I have one hand on his cock to anchor me while I drift over him. I take him in my mouth, only for a moment. I don’t want to take my eyes off his skin, off the lines my fingernails are leaving. He’s making sounds that aren’t words. I’d rather hear words. “What do you want?”
“I want you to fuck me.” He’s breathless. It’s beautiful.
He lets his head thump back on the mattress. “In the car.”
I laugh. There’s no chance I’m getting dressed and walking across the street in the middle of the night to rummage through his car for a condom. I know I’ll want one later, but for now–“you want to fuck me?”
“That’s too bad.” His whole body jerks. I’m kneeling over him, teasing, just out of reach. He’s begging. Please, and your skin is so soft, I can’t stand not touching it and please. And I tease. At some point he’s beyond caring if we use a condom or not, or maybe he knows he can say whatever he wants and it won’t make a difference. And I laugh again. It’s a delight to have him this desperate. He’s begging me to kiss him, to just let his hands free, to let him get me off. I let him loose; I want his hands on me as much as he does.

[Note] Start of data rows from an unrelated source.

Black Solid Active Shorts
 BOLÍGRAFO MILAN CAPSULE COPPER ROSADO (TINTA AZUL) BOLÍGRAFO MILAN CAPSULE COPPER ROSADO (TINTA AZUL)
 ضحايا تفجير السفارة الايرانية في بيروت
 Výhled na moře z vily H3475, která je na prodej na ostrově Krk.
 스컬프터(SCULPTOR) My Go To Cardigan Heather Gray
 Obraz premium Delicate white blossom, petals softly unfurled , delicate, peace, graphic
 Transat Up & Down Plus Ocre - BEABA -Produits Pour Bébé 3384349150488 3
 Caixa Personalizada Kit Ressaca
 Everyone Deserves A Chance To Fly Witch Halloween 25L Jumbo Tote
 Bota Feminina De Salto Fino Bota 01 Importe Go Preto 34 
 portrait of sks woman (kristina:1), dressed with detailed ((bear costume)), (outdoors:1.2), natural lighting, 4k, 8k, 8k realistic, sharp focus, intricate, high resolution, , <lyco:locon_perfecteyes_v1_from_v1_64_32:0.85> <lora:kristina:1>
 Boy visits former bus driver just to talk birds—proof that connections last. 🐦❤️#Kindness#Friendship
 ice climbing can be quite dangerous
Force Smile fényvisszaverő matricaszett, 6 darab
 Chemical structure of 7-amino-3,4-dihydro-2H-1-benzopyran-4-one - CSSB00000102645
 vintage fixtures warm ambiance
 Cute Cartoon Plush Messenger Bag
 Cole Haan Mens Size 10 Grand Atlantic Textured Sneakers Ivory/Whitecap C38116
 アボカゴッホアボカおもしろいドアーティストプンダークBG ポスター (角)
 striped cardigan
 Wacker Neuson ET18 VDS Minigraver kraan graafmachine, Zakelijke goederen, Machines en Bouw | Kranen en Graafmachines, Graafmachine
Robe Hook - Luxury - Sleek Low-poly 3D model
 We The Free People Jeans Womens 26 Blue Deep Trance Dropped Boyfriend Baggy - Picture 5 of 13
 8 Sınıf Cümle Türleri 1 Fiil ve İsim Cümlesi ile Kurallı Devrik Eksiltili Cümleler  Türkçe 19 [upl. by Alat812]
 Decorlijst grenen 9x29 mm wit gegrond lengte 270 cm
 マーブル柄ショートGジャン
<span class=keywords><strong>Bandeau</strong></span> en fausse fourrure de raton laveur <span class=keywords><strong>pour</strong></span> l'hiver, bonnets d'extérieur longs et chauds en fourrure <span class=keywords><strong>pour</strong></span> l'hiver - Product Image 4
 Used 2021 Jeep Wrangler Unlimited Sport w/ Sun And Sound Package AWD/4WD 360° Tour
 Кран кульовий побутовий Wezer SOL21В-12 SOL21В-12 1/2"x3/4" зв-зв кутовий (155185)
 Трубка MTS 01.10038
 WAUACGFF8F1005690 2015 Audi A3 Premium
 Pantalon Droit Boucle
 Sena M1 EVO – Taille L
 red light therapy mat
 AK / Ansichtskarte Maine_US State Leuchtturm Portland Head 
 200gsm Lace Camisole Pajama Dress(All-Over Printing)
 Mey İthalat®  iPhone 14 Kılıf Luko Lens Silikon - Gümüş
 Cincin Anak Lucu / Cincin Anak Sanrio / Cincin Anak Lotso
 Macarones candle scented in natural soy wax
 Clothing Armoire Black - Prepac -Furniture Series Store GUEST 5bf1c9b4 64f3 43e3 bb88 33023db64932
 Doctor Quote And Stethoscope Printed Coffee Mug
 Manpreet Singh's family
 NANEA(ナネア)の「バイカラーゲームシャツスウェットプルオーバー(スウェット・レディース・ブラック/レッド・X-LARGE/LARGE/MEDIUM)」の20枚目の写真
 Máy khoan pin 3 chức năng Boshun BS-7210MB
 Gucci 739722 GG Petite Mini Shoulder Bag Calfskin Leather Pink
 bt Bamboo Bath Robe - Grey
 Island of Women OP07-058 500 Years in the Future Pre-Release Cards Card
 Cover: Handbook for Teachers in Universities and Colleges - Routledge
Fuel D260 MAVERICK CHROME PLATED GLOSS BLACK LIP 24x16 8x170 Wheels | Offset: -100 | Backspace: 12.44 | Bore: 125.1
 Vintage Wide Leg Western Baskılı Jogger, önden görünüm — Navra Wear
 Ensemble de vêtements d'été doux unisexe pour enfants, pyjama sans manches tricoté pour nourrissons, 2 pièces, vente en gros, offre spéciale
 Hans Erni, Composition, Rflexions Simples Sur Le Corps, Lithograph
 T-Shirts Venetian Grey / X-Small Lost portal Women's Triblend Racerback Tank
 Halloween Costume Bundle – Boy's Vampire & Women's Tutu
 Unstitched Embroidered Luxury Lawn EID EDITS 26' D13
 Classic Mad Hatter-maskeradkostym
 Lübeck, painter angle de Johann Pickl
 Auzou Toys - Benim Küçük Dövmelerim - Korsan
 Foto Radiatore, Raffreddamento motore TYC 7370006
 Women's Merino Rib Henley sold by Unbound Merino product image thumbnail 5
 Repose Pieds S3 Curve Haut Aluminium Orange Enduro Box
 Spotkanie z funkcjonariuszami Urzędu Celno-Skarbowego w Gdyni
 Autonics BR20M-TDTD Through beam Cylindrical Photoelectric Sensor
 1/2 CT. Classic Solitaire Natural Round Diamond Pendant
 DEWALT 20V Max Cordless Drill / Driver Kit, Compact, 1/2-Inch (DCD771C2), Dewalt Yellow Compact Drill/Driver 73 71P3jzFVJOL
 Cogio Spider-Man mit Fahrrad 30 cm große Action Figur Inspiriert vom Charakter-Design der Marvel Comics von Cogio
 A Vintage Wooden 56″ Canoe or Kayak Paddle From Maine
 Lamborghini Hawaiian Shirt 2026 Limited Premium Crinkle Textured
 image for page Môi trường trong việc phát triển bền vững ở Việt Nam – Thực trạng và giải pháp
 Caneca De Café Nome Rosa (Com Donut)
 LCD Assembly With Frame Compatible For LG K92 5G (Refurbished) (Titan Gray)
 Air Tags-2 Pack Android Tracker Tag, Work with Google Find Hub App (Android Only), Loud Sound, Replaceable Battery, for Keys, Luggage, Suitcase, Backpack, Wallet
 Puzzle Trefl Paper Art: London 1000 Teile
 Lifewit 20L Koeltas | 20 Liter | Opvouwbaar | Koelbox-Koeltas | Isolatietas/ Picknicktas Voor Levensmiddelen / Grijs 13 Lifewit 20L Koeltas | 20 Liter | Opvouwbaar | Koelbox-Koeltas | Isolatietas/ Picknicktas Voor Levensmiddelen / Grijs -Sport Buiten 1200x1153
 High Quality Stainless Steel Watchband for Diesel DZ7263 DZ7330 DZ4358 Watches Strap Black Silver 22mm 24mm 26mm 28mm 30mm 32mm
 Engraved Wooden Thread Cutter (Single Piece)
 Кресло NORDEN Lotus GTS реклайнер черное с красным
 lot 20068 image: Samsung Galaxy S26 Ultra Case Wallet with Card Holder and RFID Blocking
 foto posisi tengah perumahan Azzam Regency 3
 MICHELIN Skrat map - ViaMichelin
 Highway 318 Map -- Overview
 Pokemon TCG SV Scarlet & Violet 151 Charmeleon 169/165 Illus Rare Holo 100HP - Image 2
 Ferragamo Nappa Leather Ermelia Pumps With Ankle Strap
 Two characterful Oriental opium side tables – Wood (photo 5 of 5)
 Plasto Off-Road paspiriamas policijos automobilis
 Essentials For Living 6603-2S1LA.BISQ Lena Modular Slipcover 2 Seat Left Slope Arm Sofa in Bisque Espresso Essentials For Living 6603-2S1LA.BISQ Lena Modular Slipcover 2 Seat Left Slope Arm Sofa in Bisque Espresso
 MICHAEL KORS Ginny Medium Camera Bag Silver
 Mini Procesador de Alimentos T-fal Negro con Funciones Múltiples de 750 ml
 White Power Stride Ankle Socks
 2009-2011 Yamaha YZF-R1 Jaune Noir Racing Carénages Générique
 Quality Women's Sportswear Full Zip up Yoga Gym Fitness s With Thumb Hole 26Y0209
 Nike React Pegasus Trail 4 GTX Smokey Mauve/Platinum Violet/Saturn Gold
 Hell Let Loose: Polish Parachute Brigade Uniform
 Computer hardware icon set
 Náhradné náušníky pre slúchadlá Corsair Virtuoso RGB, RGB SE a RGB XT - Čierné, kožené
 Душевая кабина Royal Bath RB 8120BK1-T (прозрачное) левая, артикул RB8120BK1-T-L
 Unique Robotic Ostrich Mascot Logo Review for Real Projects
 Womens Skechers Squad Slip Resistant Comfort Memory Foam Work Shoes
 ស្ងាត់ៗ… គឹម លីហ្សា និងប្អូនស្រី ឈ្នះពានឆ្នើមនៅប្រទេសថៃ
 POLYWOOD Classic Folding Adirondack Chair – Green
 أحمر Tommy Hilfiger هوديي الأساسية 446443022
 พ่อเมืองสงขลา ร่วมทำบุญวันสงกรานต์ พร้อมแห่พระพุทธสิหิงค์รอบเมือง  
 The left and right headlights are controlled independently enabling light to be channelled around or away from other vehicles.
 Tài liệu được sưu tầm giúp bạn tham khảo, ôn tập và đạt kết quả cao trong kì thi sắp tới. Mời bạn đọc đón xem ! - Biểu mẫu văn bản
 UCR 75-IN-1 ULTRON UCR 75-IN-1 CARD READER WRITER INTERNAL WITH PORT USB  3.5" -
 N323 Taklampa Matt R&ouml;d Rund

He slides his fingers into me, and I stop trying to think at all. We are lines and angles and waves. I’ve lost track of my hands, try not to notice it, focus on his. I’m too loud, too shaken. It’s a struggle to sit up, after. “Oh. Fuck.”
“You’re pretty much covered in blood.”
He looks down. It’s not much of an exaggeration. I’m bracing for disgust, my own as much as his. He grins. “Badass.”
I’m too floored to speak. His mouth is on mine before I have to. We keep going. Keep saying it’s time to run down to the car but we wear ourselves out first, don’t break apart until dehydration forces us to.
We look like the aftermath of a slaughter.
*I always, always carry condoms in my purse. Regular, latex-free, textured, plus a few packets of lube. But I wasn’t carrying magnums. This oversight has since been remedied.